[Records shown Boundary: Start]
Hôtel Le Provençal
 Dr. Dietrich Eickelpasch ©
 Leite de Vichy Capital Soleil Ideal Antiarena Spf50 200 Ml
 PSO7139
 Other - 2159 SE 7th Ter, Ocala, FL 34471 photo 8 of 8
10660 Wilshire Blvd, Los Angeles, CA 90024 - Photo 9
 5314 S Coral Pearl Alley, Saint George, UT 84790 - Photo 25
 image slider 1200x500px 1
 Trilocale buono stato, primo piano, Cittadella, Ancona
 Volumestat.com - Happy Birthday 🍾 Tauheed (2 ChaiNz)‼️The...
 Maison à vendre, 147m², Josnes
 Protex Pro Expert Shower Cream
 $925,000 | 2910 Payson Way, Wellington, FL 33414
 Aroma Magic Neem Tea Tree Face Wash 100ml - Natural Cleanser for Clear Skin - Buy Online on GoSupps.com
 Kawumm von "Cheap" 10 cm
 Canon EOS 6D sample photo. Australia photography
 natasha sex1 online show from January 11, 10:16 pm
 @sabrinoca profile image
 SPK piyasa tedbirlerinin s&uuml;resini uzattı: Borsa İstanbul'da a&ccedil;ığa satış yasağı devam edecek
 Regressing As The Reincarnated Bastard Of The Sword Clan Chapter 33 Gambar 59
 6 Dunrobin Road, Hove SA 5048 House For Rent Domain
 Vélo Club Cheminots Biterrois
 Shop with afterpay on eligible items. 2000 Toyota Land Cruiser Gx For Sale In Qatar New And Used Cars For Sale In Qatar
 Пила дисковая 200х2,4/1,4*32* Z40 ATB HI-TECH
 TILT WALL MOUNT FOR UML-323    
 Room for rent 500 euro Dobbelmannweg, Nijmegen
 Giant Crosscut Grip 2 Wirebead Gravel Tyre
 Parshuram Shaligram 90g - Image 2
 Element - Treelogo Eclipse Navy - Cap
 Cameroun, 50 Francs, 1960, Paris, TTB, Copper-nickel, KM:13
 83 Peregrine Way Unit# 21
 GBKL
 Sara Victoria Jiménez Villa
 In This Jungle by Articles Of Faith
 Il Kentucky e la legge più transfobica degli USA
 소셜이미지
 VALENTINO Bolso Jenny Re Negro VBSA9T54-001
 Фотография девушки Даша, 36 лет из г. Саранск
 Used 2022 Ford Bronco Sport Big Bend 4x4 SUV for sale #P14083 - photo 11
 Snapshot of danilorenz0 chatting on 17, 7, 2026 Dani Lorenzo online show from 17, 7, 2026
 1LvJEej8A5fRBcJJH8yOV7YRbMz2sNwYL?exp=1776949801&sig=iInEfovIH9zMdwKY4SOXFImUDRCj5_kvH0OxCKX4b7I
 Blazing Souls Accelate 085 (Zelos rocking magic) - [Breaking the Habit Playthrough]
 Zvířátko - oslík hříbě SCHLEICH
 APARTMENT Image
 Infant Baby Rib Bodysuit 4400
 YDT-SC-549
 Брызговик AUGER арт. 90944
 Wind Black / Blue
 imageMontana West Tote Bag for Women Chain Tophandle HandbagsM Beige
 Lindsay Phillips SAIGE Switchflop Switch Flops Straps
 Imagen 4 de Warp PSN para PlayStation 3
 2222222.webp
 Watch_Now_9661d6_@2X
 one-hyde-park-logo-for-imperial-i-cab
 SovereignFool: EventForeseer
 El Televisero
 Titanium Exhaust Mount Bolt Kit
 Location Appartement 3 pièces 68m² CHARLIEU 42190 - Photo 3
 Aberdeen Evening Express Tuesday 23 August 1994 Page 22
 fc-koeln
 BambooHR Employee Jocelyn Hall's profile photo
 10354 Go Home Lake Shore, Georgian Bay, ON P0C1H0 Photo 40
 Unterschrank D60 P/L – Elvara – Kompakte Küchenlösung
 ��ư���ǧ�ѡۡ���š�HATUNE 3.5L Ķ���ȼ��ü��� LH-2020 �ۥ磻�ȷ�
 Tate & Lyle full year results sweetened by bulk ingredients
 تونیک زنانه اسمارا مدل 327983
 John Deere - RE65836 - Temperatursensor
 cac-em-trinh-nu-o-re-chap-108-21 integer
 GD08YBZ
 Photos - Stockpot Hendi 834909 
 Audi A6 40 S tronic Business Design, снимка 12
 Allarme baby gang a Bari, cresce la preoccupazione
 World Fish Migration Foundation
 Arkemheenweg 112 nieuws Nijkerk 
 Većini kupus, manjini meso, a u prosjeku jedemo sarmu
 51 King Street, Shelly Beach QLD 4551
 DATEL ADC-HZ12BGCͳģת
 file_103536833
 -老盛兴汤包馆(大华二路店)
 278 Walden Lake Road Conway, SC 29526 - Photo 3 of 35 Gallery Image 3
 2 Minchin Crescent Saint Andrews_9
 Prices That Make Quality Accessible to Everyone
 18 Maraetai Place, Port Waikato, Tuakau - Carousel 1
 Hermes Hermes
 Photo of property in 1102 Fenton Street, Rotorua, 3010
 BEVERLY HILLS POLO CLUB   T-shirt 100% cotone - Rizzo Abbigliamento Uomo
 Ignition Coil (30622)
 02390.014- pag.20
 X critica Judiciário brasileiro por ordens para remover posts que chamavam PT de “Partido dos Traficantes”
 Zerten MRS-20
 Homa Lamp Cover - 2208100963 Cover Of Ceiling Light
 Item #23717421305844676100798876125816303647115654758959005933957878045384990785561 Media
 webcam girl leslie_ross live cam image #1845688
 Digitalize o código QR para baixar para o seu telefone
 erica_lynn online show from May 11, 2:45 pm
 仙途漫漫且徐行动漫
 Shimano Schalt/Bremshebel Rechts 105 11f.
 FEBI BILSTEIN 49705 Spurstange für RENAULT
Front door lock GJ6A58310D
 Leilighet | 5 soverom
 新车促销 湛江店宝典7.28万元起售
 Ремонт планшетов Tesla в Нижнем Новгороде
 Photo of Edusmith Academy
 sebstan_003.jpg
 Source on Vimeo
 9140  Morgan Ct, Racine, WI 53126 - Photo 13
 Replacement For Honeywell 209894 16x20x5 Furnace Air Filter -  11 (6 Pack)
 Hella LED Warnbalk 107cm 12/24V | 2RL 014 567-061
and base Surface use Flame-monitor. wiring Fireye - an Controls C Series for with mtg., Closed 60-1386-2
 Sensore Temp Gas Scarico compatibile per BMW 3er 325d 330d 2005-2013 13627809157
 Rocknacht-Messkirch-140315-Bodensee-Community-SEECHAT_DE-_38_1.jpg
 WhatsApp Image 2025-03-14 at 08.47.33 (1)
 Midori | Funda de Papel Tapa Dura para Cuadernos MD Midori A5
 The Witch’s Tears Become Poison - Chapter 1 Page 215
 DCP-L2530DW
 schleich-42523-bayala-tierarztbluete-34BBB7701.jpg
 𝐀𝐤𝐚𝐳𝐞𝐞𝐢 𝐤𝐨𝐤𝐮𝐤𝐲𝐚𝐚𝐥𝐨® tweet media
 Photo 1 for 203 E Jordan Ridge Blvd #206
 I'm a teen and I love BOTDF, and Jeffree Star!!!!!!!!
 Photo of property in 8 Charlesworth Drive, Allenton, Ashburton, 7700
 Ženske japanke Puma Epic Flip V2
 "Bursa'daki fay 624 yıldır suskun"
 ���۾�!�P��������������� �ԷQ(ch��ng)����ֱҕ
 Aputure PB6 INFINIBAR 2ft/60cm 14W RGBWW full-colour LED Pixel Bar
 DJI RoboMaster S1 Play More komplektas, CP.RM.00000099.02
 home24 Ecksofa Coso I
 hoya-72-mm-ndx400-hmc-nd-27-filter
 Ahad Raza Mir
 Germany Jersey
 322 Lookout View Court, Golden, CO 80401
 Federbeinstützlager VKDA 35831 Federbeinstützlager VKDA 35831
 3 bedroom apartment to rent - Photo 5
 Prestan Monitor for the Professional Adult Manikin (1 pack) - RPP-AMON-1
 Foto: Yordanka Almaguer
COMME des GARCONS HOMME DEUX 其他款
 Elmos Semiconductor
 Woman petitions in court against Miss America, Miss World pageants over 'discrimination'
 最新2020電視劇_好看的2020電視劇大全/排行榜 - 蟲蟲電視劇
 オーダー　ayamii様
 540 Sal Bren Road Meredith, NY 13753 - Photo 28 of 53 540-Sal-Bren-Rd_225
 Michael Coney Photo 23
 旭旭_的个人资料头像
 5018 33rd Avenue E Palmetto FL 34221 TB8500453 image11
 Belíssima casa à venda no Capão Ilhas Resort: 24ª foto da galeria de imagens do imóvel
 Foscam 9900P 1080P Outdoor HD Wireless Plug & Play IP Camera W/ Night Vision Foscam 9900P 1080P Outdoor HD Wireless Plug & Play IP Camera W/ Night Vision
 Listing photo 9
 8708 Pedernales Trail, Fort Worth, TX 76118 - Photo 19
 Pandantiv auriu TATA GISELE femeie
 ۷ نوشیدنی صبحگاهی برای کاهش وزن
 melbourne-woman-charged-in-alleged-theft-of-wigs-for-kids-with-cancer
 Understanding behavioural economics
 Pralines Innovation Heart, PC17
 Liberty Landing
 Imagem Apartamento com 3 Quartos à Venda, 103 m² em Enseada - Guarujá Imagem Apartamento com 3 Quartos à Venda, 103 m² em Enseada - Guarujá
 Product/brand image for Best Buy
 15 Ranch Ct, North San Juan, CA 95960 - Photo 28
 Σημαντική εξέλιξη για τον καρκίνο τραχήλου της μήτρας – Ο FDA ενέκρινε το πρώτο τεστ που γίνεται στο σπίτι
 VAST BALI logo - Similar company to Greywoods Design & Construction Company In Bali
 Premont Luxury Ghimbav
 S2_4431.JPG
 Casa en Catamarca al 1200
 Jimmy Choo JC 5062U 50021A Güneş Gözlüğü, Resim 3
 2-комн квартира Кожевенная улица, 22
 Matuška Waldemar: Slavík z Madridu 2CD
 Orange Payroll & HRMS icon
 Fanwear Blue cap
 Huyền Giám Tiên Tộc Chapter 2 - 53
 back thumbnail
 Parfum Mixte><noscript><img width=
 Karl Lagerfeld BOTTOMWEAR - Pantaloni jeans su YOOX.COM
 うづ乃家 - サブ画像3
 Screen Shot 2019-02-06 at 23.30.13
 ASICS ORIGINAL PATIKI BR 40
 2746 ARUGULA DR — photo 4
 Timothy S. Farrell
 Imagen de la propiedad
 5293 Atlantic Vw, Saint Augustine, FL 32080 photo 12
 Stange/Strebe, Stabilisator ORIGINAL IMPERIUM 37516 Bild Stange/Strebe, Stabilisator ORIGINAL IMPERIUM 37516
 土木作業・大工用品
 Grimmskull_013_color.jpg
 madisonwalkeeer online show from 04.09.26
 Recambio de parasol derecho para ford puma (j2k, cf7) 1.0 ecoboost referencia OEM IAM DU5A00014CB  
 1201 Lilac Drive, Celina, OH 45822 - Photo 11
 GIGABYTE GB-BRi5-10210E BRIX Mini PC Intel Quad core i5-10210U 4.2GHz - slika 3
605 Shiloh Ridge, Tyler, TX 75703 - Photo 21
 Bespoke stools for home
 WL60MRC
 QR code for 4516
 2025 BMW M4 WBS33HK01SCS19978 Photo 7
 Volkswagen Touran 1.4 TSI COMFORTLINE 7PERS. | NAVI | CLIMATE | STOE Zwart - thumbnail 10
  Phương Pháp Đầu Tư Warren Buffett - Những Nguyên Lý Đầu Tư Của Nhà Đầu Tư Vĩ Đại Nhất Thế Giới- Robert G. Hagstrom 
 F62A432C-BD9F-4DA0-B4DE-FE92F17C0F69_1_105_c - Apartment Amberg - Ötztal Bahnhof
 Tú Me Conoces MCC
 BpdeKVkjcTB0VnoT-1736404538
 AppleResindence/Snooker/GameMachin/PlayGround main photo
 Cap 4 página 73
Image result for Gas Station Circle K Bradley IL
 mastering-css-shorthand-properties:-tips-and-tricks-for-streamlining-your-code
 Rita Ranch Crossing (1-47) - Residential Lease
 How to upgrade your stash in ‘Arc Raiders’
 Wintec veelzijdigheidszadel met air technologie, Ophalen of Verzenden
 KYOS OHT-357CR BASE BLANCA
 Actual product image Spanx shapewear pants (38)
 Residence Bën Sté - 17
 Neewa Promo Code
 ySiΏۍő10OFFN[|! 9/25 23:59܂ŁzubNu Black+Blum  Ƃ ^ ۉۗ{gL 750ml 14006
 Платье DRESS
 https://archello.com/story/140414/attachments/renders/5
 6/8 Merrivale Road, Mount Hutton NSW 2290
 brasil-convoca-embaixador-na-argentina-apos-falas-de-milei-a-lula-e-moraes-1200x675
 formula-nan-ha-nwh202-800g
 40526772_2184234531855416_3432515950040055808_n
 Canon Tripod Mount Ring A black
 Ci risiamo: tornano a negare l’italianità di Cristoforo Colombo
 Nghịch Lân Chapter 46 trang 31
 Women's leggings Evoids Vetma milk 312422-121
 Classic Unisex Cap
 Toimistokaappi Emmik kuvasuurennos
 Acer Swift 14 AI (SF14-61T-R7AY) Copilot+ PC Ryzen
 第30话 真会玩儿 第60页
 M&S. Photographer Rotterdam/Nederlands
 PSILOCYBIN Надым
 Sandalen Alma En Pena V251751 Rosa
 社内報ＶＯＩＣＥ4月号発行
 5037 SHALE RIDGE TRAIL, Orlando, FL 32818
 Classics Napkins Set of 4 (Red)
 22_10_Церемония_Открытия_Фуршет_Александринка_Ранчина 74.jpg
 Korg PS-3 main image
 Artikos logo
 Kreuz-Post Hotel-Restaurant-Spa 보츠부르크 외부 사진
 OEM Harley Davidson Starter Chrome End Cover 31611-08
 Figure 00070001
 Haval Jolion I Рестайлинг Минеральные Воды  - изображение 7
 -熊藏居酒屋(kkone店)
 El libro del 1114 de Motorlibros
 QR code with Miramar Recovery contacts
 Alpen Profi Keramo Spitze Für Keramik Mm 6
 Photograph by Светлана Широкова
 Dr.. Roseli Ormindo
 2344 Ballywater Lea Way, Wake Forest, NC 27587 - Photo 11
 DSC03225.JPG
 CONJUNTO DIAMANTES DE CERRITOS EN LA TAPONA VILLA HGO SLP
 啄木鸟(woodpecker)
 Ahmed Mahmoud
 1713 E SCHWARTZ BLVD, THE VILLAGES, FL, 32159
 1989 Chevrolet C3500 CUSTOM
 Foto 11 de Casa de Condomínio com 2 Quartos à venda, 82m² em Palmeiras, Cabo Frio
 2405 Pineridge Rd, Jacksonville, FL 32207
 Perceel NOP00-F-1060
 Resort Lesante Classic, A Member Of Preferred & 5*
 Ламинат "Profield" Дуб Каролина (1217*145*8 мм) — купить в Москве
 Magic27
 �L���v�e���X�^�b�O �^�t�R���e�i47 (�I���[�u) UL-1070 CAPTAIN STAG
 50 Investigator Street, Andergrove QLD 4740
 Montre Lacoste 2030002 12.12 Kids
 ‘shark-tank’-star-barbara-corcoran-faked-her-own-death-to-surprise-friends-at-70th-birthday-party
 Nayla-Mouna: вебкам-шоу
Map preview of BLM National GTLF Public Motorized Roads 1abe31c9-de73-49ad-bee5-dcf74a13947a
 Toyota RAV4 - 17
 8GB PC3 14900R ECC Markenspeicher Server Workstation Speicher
[Records shown Boundary: End]
When a line above contains the string "with", copy that line.

Result below »
 Shop with afterpay on eligible items. 2000 Toyota Land Cruiser Gx For Sale In Qatar New And Used Cars For Sale In Qatar
and base Surface use Flame-monitor. wiring Fireye - an Controls C Series for with mtg., Closed 60-1386-2
 melbourne-woman-charged-in-alleged-theft-of-wigs-for-kids-with-cancer
 QR code with Miramar Recovery contacts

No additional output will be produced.